==== INPUT ====
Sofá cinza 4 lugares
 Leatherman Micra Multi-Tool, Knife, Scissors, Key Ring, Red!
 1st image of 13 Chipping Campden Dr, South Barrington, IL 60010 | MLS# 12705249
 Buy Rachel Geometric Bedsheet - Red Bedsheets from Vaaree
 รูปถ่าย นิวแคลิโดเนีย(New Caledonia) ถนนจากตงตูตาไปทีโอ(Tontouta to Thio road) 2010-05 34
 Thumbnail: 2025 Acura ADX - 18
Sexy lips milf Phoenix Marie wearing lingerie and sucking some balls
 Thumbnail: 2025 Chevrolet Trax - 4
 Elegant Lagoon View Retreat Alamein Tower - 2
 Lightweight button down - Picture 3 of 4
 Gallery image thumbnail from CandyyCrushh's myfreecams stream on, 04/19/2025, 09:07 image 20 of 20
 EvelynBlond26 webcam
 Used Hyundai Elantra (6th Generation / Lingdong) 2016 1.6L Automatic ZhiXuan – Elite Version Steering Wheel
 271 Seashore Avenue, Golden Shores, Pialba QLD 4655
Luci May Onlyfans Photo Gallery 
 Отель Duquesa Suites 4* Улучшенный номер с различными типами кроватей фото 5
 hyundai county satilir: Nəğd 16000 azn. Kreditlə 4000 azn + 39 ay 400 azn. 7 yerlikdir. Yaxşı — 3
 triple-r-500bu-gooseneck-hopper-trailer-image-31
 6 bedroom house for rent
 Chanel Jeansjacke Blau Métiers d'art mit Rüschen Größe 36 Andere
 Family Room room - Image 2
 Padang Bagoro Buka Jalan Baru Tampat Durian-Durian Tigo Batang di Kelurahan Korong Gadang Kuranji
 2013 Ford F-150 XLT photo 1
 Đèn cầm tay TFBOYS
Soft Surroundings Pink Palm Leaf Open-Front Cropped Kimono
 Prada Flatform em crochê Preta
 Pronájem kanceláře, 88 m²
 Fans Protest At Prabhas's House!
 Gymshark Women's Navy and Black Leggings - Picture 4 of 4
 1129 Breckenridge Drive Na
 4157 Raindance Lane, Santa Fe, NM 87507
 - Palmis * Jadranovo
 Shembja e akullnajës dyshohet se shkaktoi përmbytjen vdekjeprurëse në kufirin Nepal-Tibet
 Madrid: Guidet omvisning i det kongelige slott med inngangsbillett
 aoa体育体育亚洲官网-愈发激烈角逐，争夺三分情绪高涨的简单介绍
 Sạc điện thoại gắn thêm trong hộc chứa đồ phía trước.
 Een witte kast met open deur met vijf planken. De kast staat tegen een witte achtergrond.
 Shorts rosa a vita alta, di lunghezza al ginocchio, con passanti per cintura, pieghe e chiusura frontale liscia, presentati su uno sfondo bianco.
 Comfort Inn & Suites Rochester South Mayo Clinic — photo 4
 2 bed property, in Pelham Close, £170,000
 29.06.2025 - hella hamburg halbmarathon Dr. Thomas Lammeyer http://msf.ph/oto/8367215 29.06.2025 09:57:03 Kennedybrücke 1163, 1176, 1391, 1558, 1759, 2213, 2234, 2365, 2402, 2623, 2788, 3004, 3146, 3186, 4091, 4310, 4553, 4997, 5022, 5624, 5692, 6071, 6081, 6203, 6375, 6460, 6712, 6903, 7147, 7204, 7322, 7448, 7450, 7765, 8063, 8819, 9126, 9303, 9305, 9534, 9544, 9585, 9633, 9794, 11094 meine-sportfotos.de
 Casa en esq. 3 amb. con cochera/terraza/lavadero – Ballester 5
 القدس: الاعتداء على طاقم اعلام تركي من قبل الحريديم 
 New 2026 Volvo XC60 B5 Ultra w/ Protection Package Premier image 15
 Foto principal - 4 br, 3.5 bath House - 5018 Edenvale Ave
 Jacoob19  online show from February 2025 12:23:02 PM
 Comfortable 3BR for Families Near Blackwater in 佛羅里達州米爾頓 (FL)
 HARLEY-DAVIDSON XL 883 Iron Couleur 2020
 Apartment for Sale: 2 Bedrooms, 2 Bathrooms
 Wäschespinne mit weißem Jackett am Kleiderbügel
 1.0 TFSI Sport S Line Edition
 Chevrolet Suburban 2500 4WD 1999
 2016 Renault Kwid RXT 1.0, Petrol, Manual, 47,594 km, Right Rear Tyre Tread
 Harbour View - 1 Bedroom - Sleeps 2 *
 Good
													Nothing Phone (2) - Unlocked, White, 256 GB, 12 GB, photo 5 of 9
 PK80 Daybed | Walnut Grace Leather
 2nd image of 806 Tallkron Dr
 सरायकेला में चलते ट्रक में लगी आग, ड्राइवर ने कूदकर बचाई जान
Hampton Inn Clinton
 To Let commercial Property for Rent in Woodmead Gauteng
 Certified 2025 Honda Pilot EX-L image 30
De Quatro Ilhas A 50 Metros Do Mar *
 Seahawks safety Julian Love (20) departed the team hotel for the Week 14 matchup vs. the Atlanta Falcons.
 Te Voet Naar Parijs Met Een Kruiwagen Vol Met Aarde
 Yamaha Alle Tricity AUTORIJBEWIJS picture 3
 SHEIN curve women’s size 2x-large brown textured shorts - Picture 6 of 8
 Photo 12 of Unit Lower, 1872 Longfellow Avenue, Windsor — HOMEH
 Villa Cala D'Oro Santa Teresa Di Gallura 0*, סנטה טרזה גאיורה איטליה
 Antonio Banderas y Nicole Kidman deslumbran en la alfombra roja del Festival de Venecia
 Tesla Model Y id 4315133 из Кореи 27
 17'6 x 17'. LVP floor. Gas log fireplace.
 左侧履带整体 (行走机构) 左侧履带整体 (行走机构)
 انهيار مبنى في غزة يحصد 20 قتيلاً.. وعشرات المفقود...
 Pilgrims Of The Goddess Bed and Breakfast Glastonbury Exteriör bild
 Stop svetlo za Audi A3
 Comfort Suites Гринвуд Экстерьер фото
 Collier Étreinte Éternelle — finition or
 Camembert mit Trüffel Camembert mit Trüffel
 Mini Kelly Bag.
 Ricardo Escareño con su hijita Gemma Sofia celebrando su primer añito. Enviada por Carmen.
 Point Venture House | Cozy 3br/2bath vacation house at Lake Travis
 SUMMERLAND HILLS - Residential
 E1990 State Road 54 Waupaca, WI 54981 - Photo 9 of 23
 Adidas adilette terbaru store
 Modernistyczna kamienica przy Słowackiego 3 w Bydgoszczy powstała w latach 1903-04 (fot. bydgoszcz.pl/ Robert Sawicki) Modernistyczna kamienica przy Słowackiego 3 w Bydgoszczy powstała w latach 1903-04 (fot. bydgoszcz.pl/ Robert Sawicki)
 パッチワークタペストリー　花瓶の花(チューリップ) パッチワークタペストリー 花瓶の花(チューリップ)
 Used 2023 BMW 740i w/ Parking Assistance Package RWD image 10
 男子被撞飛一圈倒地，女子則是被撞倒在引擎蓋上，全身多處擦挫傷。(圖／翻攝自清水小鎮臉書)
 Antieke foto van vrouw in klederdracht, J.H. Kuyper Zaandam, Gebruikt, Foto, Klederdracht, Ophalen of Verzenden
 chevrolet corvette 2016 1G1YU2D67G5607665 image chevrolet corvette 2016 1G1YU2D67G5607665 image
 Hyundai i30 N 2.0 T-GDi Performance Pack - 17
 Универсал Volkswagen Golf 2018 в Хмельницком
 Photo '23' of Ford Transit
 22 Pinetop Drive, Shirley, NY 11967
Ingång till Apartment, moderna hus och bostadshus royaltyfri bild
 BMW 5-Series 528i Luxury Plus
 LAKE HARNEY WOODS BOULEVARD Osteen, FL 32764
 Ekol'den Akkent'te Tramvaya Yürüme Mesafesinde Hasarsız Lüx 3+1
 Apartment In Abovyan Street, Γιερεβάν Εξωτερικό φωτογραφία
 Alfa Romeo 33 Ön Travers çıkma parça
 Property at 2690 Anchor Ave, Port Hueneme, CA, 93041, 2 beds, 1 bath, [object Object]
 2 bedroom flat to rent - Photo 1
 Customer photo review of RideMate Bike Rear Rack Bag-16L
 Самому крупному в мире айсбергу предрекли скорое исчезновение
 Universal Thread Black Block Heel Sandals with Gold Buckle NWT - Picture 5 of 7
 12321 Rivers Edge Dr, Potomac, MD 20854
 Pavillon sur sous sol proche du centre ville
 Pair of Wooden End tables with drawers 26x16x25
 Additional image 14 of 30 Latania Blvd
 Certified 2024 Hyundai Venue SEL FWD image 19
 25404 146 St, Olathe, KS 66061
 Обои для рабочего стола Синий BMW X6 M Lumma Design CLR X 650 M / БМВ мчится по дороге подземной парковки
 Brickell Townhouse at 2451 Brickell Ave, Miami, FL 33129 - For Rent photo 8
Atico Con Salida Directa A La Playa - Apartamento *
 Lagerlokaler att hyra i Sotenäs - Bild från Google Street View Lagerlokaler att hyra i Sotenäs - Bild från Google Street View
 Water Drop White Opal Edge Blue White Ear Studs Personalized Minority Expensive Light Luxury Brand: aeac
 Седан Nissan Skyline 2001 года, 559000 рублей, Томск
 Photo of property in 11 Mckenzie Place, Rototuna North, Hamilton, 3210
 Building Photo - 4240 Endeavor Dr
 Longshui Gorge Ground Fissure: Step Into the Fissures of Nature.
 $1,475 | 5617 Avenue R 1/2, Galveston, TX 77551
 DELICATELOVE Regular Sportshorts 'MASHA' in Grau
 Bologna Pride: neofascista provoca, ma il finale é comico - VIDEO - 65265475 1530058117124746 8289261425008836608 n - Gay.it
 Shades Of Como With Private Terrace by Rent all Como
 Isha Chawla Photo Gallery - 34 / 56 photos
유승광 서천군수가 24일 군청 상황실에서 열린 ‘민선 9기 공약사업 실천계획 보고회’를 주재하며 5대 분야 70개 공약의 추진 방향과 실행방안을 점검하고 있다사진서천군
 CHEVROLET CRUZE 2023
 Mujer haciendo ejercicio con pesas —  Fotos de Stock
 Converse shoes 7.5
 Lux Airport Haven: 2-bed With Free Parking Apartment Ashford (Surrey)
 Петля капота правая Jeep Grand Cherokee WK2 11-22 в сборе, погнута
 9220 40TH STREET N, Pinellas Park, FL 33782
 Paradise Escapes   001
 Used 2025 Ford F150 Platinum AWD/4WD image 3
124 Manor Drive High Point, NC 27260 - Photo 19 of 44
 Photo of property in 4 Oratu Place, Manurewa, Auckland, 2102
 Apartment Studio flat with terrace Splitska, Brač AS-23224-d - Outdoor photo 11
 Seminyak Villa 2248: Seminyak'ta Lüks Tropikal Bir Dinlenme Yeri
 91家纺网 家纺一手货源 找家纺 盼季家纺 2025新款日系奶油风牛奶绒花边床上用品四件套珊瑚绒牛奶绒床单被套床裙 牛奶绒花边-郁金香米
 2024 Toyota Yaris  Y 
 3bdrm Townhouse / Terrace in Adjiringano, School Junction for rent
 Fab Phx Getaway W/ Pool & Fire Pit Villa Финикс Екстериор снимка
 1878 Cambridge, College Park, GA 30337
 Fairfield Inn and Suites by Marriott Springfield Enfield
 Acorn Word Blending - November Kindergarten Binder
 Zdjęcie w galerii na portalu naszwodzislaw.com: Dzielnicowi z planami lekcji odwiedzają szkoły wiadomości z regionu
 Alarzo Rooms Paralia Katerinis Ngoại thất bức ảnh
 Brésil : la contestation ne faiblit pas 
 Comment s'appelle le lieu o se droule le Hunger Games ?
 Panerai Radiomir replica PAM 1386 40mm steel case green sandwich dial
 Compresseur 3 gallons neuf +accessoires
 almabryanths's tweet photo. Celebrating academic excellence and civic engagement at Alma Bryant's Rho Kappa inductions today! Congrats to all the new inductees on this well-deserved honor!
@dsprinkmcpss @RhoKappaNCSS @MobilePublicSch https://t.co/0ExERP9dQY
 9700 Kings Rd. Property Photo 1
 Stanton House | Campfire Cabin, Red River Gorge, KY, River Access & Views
====
> _TASK DESCRIPTION_
Within the data above, the lines from the one with "SUMMERLAND HILLS - Residential" to the one with "Street View Lagerlokaler" must be repeated exactly; no other line belongs in the answer.

> _SOLUTION_
 SUMMERLAND HILLS - Residential
 E1990 State Road 54 Waupaca, WI 54981 - Photo 9 of 23
 Adidas adilette terbaru store
 Modernistyczna kamienica przy Słowackiego 3 w Bydgoszczy powstała w latach 1903-04 (fot. bydgoszcz.pl/ Robert Sawicki) Modernistyczna kamienica przy Słowackiego 3 w Bydgoszczy powstała w latach 1903-04 (fot. bydgoszcz.pl/ Robert Sawicki)
 パッチワークタペストリー　花瓶の花(チューリップ) パッチワークタペストリー 花瓶の花(チューリップ)
 Used 2023 BMW 740i w/ Parking Assistance Package RWD image 10
 男子被撞飛一圈倒地，女子則是被撞倒在引擎蓋上，全身多處擦挫傷。(圖／翻攝自清水小鎮臉書)
 Antieke foto van vrouw in klederdracht, J.H. Kuyper Zaandam, Gebruikt, Foto, Klederdracht, Ophalen of Verzenden
 chevrolet corvette 2016 1G1YU2D67G5607665 image chevrolet corvette 2016 1G1YU2D67G5607665 image
 Hyundai i30 N 2.0 T-GDi Performance Pack - 17
 Универсал Volkswagen Golf 2018 в Хмельницком
 Photo '23' of Ford Transit
 22 Pinetop Drive, Shirley, NY 11967
Ingång till Apartment, moderna hus och bostadshus royaltyfri bild
 BMW 5-Series 528i Luxury Plus
 LAKE HARNEY WOODS BOULEVARD Osteen, FL 32764
 Ekol'den Akkent'te Tramvaya Yürüme Mesafesinde Hasarsız Lüx 3+1
 Apartment In Abovyan Street, Γιερεβάν Εξωτερικό φωτογραφία
 Alfa Romeo 33 Ön Travers çıkma parça
 Property at 2690 Anchor Ave, Port Hueneme, CA, 93041, 2 beds, 1 bath, [object Object]
 2 bedroom flat to rent - Photo 1
 Customer photo review of RideMate Bike Rear Rack Bag-16L
 Самому крупному в мире айсбергу предрекли скорое исчезновение
 Universal Thread Black Block Heel Sandals with Gold Buckle NWT - Picture 5 of 7
 12321 Rivers Edge Dr, Potomac, MD 20854
 Pavillon sur sous sol proche du centre ville
 Pair of Wooden End tables with drawers 26x16x25
 Additional image 14 of 30 Latania Blvd
 Certified 2024 Hyundai Venue SEL FWD image 19
 25404 146 St, Olathe, KS 66061
 Обои для рабочего стола Синий BMW X6 M Lumma Design CLR X 650 M / БМВ мчится по дороге подземной парковки
 Brickell Townhouse at 2451 Brickell Ave, Miami, FL 33129 - For Rent photo 8
Atico Con Salida Directa A La Playa - Apartamento *
 Lagerlokaler att hyra i Sotenäs - Bild från Google Street View Lagerlokaler att hyra i Sotenäs - Bild från Google Street View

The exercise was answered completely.